An annotated digest of the top "Hacker" "News" posts for the second week of October, 2016.
October 08, 2016 (comments)
A company offloaded transit line rendering to their users' battery-powered pocket computers. It shows you most of a train network using colors that don't match the ones in the train stations. It does not show you which direction a train travels or whether there are non-train connections between adjacent stations. Hackernews would like to order printed wall-sized copies of inaccurate maps incapably derived from public datasets. Someone calls it 'data science.'
October 09, 2016 (comments)
Presented: an inexplicably coherent introduction to Prolog. Hackernews complains that Prolog is hard to use if you are bad at Prolog. Everybody is mad at cut. Lots of people immediately confuse logic programming with functional programming; therefore, in accordance with federal law, someone mentions Rust.
October 10, 2016 (comments)
An internet registers a vanity domain to present a list of rules in a doomed attempt to make the unending hell of working with SQL slightly less unbearable. The document cites itself as a reference. Hackernews engages in its hourly pedantry festival and eventually insists that every single recommendation is wrong and that this document is wonderful.

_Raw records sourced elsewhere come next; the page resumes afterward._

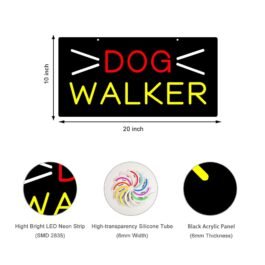 LED Dog Walker Neon Sign, 20″x10″
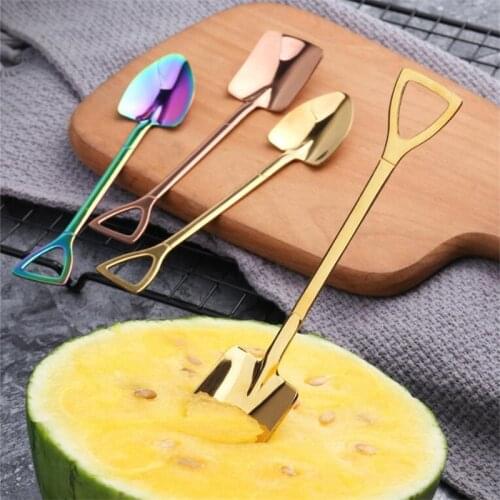 2PCS Creative Stainless Steel Ice Cream Coffee Spoon Shovel Shape Shell Tea Spoons Afternoon Tea Dessert Long Handle Spoon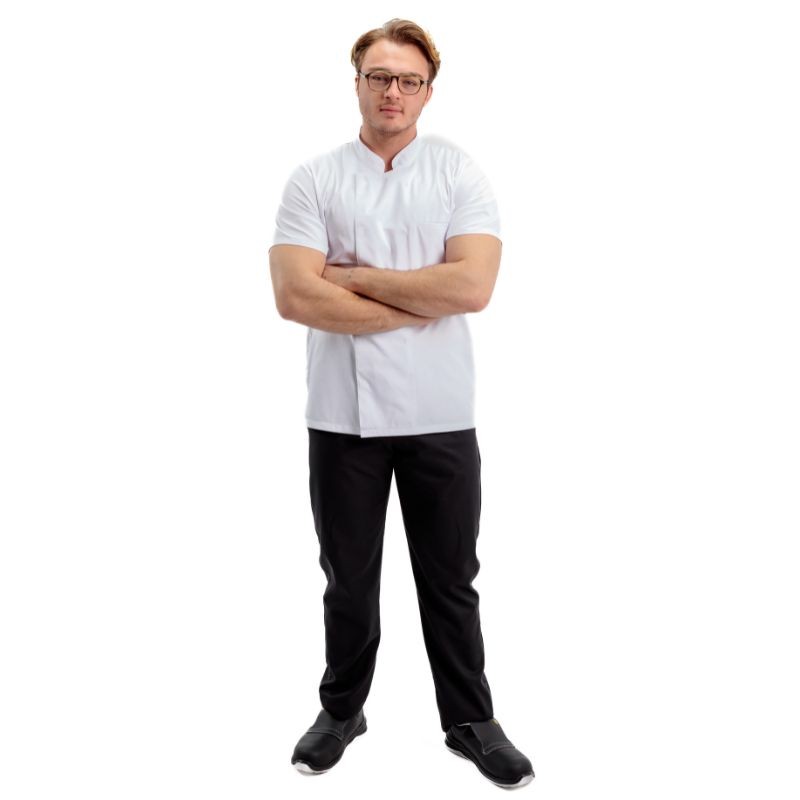 Veste de Cuisine Homme Texas à Manches courtes Blanc - MANELLI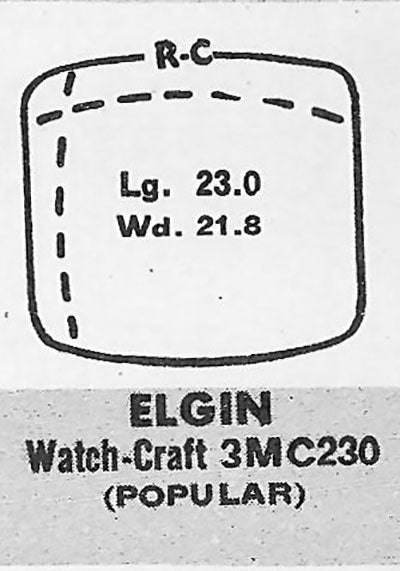 ELGIN : 4508, 4508A & 4508G - Tonneau w/Radius Corners 23.0mm x 21.8mm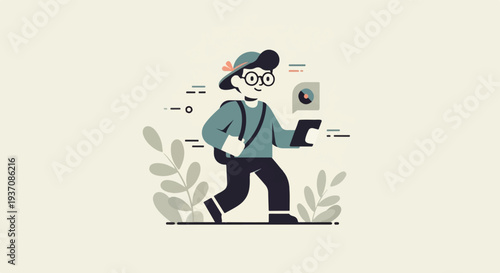 Young person in hat, glasses, and backpack holds tablet while walking past abstract plants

October 11, 2016 (comments)
Someone decides that git's problem is that it has too much syntax, so they extend git's syntax to fix it. Hackernews suggests six thousand other nearly-identical tools, then complains about them. A Hackernews is worried that backticks are (needlessly) employed in this tool, because an Arch Linux install does not have any authorization controls on the 'poweroff' command.
October 12, 2016 (comments)
Camera manufacturers have put wifi in everything and it turns out camera manufacturers are not very good at network security. Hackernews is a very experienced IT professional and has predicted this. They hold up Google products as models to follow. It is not clear why. Hackernews believes Cloudflare will solve all their problems. Cloudflare agrees this is likely; please click here to apply for a job figuring out how.
October 13, 2016 (comments)
Someone considers Barack Obama, a politician whose largest undertaking involved a failed healthcare IT deployment, and member of a political party known for hemorrhaging private data, eminently qualified to discuss safe policies for artificial intelligence practice. Hackernews divides into two groups. The first group performs the traditional election-cycle political shit opera for six hours. The second group debates whether artificial intelligence will kill us all, or whether everything will turn out fine just as long as we continue to monitor the living shit out of every single human being alive, in order to feed the machines. A Hackernews suspects Obama quoted Mao, and everyone reassures each other it's probably fine.
October 14, 2016 (comments)
Nikon refrigerates a camera to reduce noise in photographs. Hackernews suggest several improvements, all of which have already been implemented and are described in the article. Nobody suggests refrigerating the Hackernews population, despite the almost guaranteed reduction of noise that would result.